Тогда же докатилась до Москвы из Одессы песенка «Ужасно шумно в доме Шнеерсона». О ней Константин Паустовский упоминал в повести «Время больших ожиданий»: «Жил в Одессе еще талантливый поэт, знаток местного фольклора Мирон Ямпольский. Самой известной песенкой Ямпольского была, конечно, «Свадьба Шнеерсона»: Ужасно шумно в доме Шнеерсона…
Она обошла весь юг. В ней было много выразительных мест, вроде неожиданного прихода на свадьбу Шнеерсона (под гром чванливого марша) всех домовых властей:
Сам преддомком Абраша Дер-Молочник
Вошел со свитою, ну прямо словно царь!
За ним Вайншток – его помощник
И Хаим Качкес – секретарь.
Песенку о свадьбе Шнеерсона, равно как и продолжение ее – «Недолго длилось счастье Шнеерсона» – мог написать только природный одессит и знаток окраинного фольклора.
Почти все местные песенки были написаны безвестными одесситами. Даже всеведущие жители города не могли припомнить, к примеру, кто написал песенку «Здравствуй, моя Любка, здравствуй, дорогая!» – Жора со Стеновой улицы или Абраша Кныш? «Что? Вы его не знаете? Так это тот самый шкет, которого поранили во время налета на почтовое отделение в Тирасполе».
Мода на песенки в Одессе менялась часто. Не только в каждом году, но иной раз и в каждом месяце были свои любимые песенки. Их пел весь город…»
Борьба за авторство хита была не шуточной.

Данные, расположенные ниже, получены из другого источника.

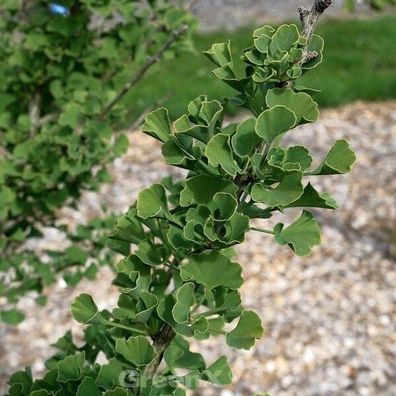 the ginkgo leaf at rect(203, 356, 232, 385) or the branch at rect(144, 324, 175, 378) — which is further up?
the branch at rect(144, 324, 175, 378)

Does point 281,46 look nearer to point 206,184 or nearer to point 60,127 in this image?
point 206,184

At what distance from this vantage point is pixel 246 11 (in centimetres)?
1470

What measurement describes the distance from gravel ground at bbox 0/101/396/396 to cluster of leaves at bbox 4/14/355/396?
3.32 m

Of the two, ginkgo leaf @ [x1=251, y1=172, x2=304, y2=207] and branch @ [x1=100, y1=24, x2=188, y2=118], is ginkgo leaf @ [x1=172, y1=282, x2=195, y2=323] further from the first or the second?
branch @ [x1=100, y1=24, x2=188, y2=118]

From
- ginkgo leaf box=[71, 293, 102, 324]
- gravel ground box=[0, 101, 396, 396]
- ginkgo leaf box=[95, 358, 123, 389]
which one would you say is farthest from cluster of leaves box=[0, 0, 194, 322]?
gravel ground box=[0, 101, 396, 396]

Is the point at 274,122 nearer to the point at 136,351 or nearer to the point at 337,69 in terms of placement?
the point at 136,351

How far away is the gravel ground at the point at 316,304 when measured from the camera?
15.0 ft

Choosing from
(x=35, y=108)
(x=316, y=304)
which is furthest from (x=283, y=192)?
(x=316, y=304)

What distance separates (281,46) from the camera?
111cm

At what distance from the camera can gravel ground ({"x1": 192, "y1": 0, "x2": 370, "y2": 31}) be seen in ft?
43.9

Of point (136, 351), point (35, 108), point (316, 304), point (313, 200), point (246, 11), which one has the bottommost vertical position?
point (246, 11)

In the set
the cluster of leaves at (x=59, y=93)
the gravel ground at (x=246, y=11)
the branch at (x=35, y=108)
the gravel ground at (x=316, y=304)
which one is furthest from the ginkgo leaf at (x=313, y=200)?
the gravel ground at (x=246, y=11)

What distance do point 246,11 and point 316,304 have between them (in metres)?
10.4

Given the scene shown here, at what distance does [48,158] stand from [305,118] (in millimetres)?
1420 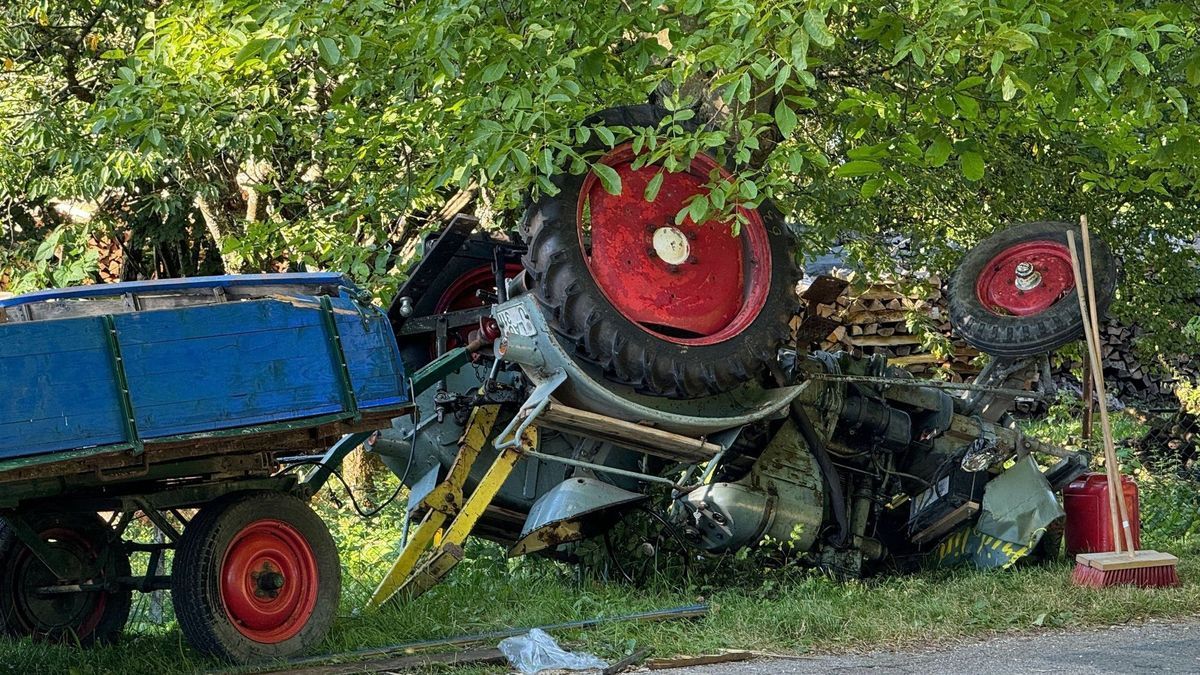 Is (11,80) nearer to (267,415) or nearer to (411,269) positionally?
(411,269)

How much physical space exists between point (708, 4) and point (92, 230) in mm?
7052

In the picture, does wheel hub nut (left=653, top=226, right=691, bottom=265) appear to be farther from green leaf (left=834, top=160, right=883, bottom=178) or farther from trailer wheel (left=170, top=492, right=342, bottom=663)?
trailer wheel (left=170, top=492, right=342, bottom=663)

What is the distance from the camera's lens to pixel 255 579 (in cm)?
643

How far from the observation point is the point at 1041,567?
321 inches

В 1923 году в столичном журнале «Зрелища» была помещена реклама кабаре-ресторана «Прага»: «Только что приехал из Одессы автор «Свадьбы Шнеерсона» и выступает только у нас – Л. Леонов».
За инициалами скрывался известный одесский куплетист Лев Леонов.
Говорят, увидавший объявление Ямпольский страшно возмутился и даже подал на «рейдера» в суд. А впрочем, установить наверняка авторство нэпманских шлягеров сегодня трудно.
Относительная ясность присутствует только в отношении «Кирпичиков» и «Бубличков».
«Кирпичики»
Составители нотного сборника «Запрещенные песни» в предисловии к изданию устроили небольшой исторический экскурс: «…Как бы мы сегодня ни относились к событиям тех лет, все же должны признать, что так называемая «цыганщина» и экзотические поделки о далеких, знойных странах и бравых «мичманах Джонсах» вошли в противоречие с реально изменившимся бытом и духом новой эпохи. Требовался новый репертуар. Первыми это почувствовали композитор Валентин Кручинин и поэт-песенник Павел Герман – авторы ряда популярнейших тогда романсов. Однажды на спектакле «Лес», поставленном В. Мейерхольдом, прислушиваясь к музыкальному оформлению, Кручинин услышал мелодию вальса Бейлейзона «Две собачки». Мотив настолько увлек его, что он, немного изменив интонации, предложил своему другу Павлу Герману написать песню на тему советской действительности. Так появился «Кирпичный завод», более известный сегодня как «Кирпичики»…»
На окраине где-то города
Я в убогой семье родилась,
Горе мыкая, лет пятнадцати
На кирпичный завод нанялась.
Было трудно мне время первое,
Но потом, проработавши год,
За веселый гул, за кирпичики
Полюбила я этот завод.
На заводе том Сеньку встретила,
Лишь, бывало, заслышит гудок,
Руки вымоет и бежит к нему
В мастерскую, набросив платок…
Дебютное исполнение имело место в постановке театра «Павлиний хвост». Сохранилось описание этого спектакля: «Униформой были бальные платья и фраки с павлиньим пером у корсажа или в петлице. Песня «Кирпичный завод» (…) инсценировалась осторожным намеком. Запевала Лидия Колумбова, подпевали вальсирующие пары в бальных нарядах, но в красных косынках и кепках».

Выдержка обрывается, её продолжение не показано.